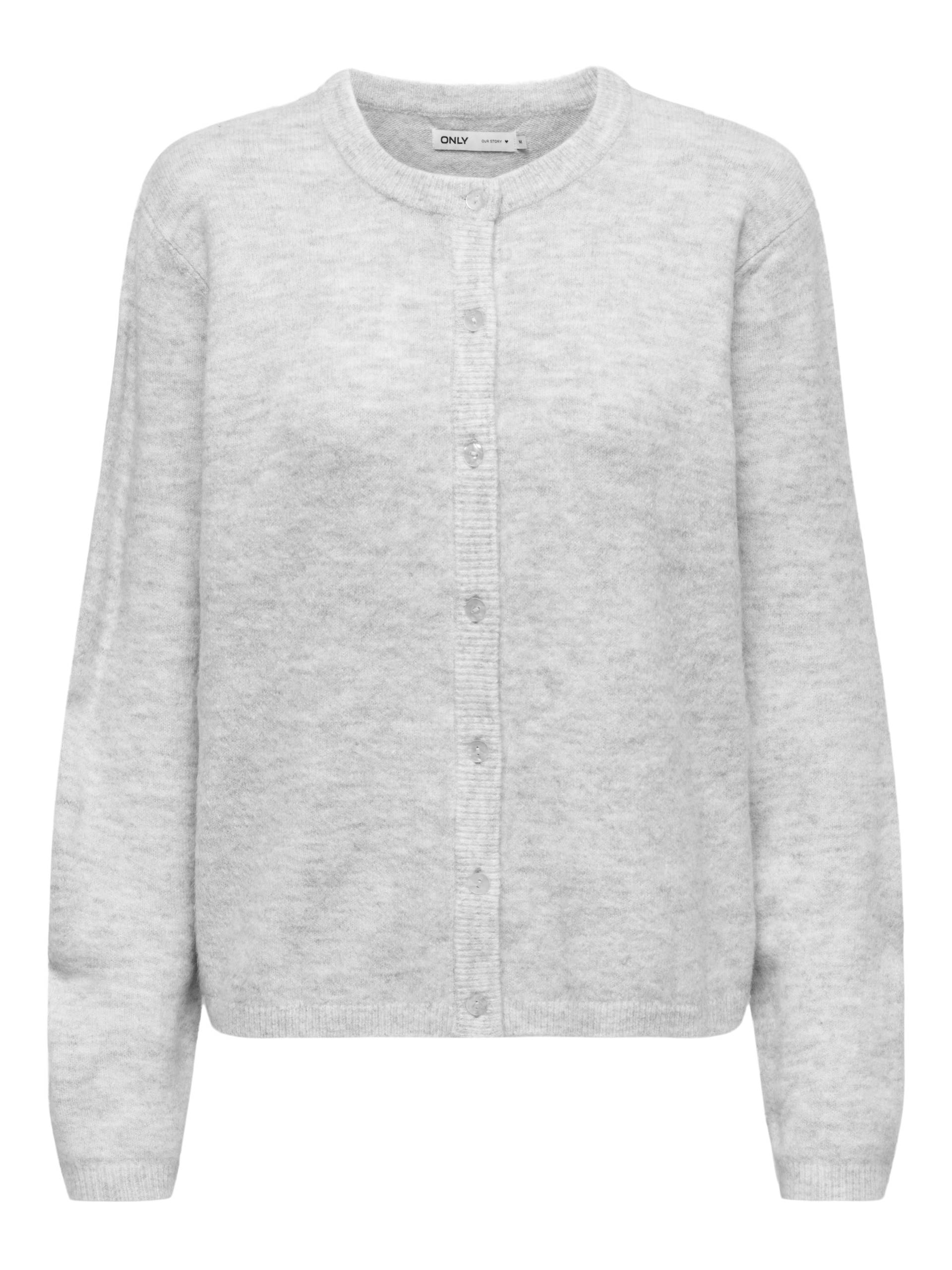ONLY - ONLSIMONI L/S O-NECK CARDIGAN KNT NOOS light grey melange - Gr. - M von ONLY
-----
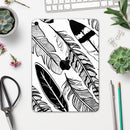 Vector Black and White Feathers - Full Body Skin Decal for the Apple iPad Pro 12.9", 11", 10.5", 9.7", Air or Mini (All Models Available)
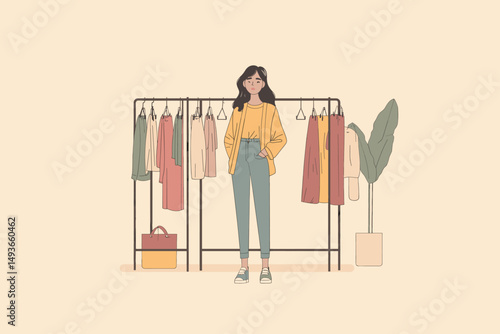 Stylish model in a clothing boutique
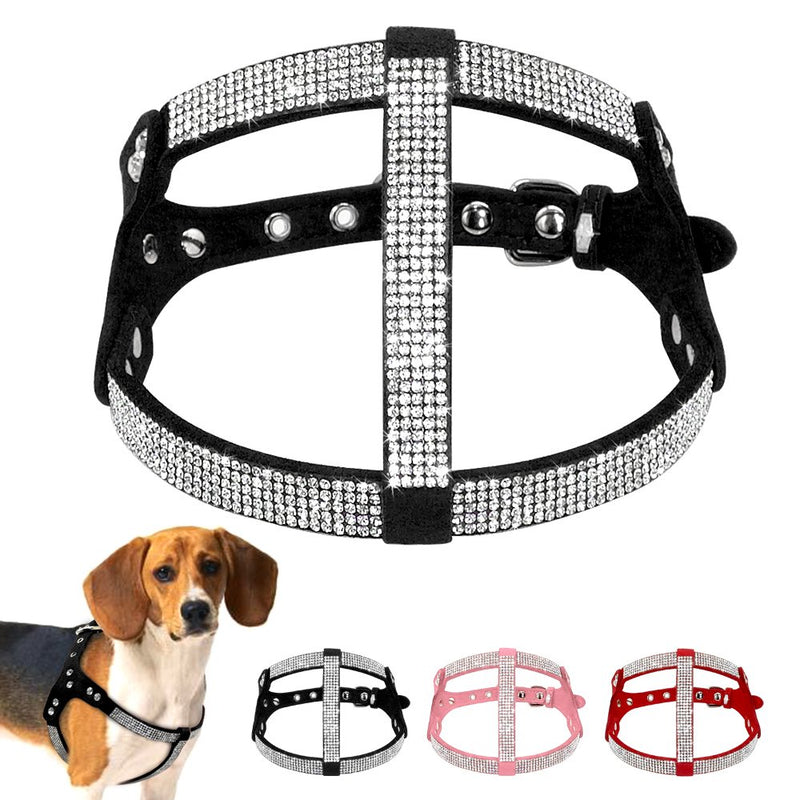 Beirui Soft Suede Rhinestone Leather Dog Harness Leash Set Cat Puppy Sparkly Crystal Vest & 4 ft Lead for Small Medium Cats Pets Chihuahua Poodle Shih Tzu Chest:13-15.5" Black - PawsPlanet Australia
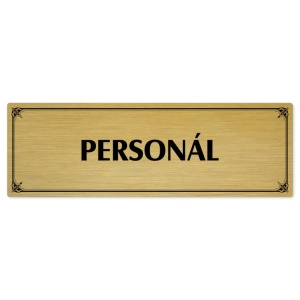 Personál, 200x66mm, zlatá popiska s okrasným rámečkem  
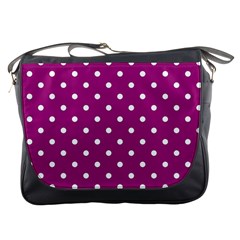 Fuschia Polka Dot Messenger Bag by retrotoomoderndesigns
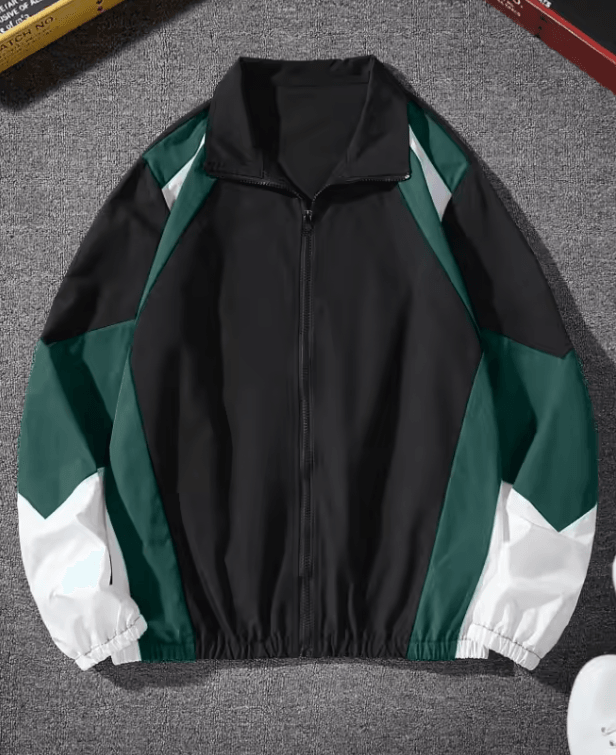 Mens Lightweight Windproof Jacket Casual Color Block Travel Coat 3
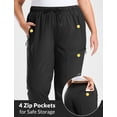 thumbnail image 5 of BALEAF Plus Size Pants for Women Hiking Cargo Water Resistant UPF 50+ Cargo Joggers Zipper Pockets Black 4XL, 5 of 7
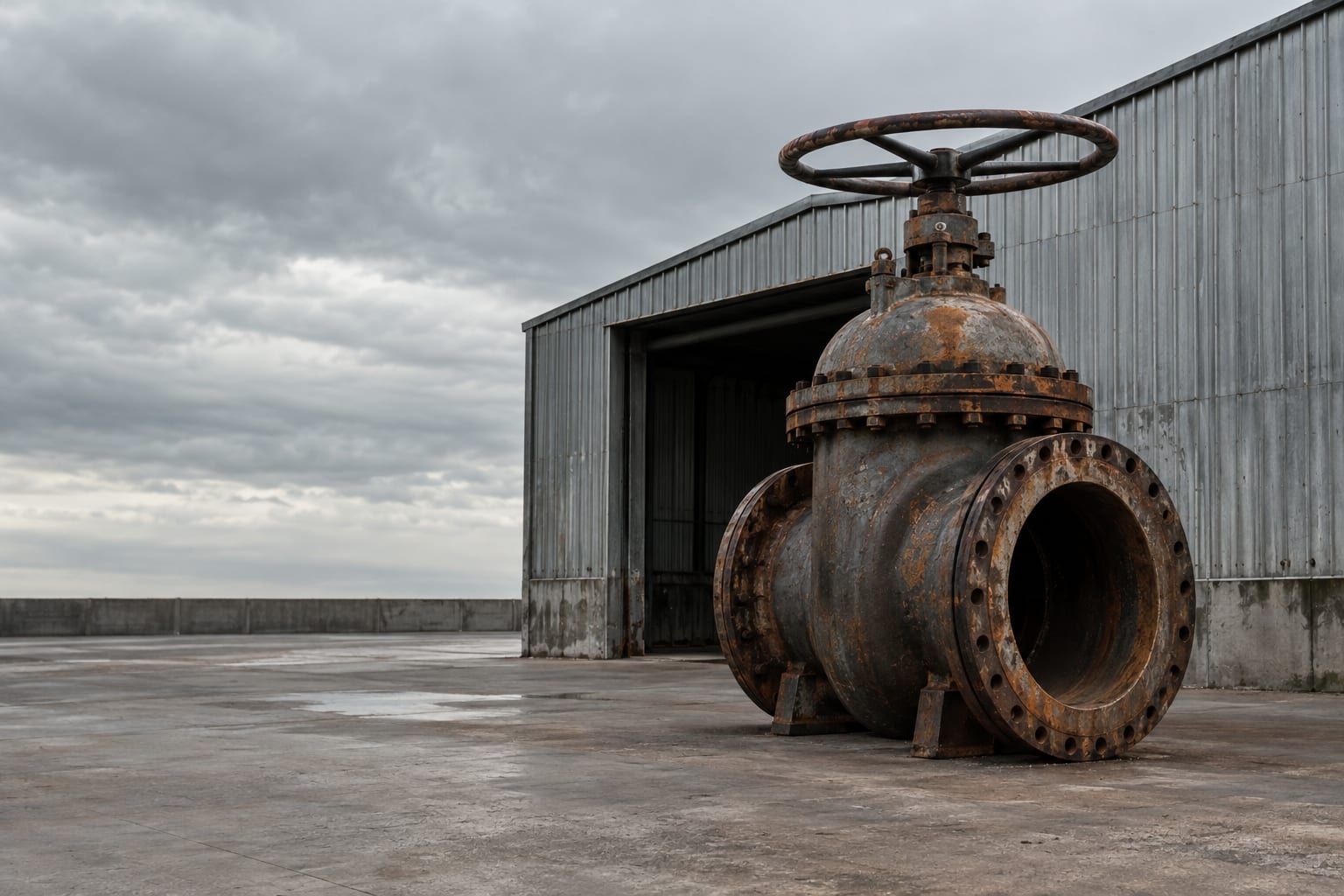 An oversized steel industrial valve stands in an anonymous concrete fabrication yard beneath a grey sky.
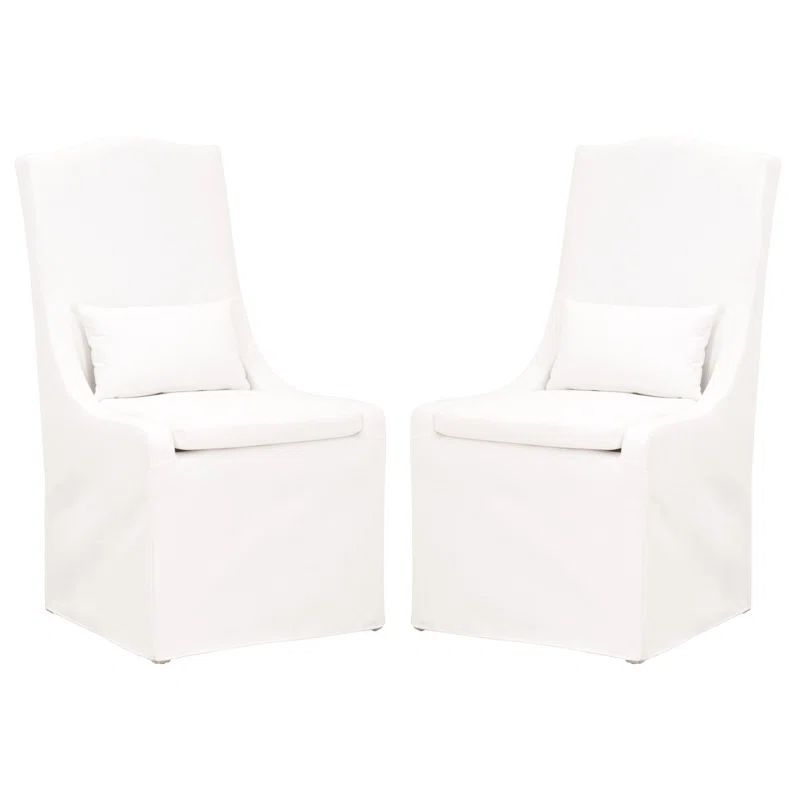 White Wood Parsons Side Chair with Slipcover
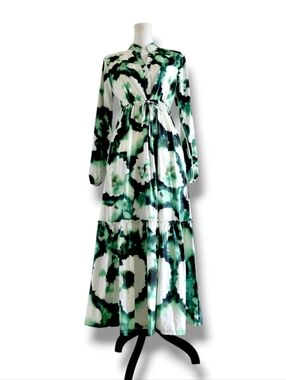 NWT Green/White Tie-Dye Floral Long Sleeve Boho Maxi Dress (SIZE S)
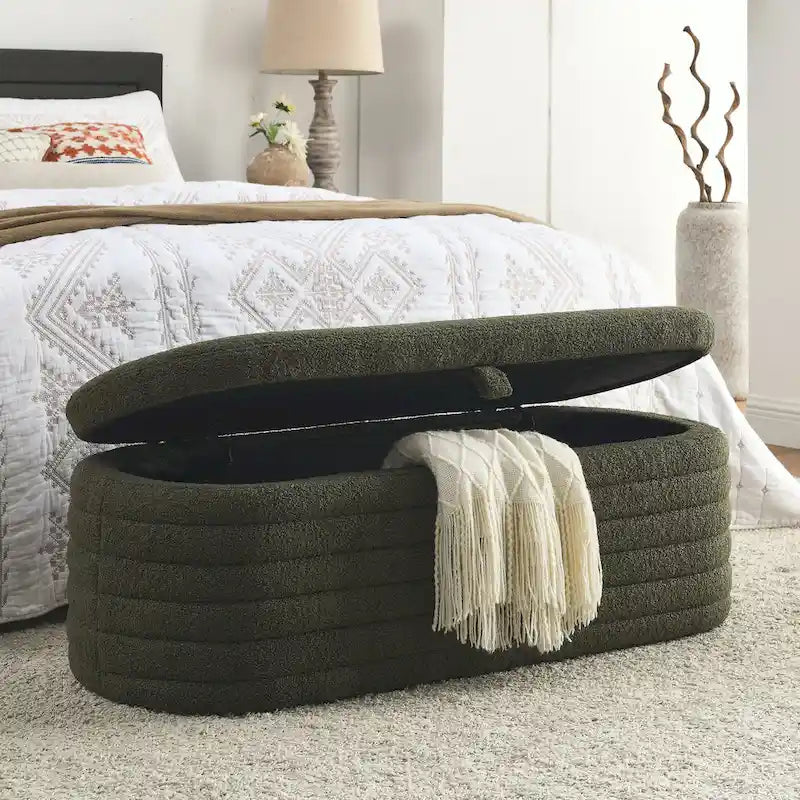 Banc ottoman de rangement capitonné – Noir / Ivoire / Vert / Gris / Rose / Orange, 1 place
-----
[What to work on] Please output the lines above beginning at the line with "White Wood Parsons Side Chair with Slipcover" and ending after the line with "Banc ottoman de", precisely as written and with no pictures.

[Solution for this task]
 White Wood Parsons Side Chair with Slipcover
 NWT Green/White Tie-Dye Floral Long Sleeve Boho Maxi Dress (SIZE S)
 Banc ottoman de rangement capitonné – Noir / Ivoire / Vert / Gris / Rose / Orange, 1 place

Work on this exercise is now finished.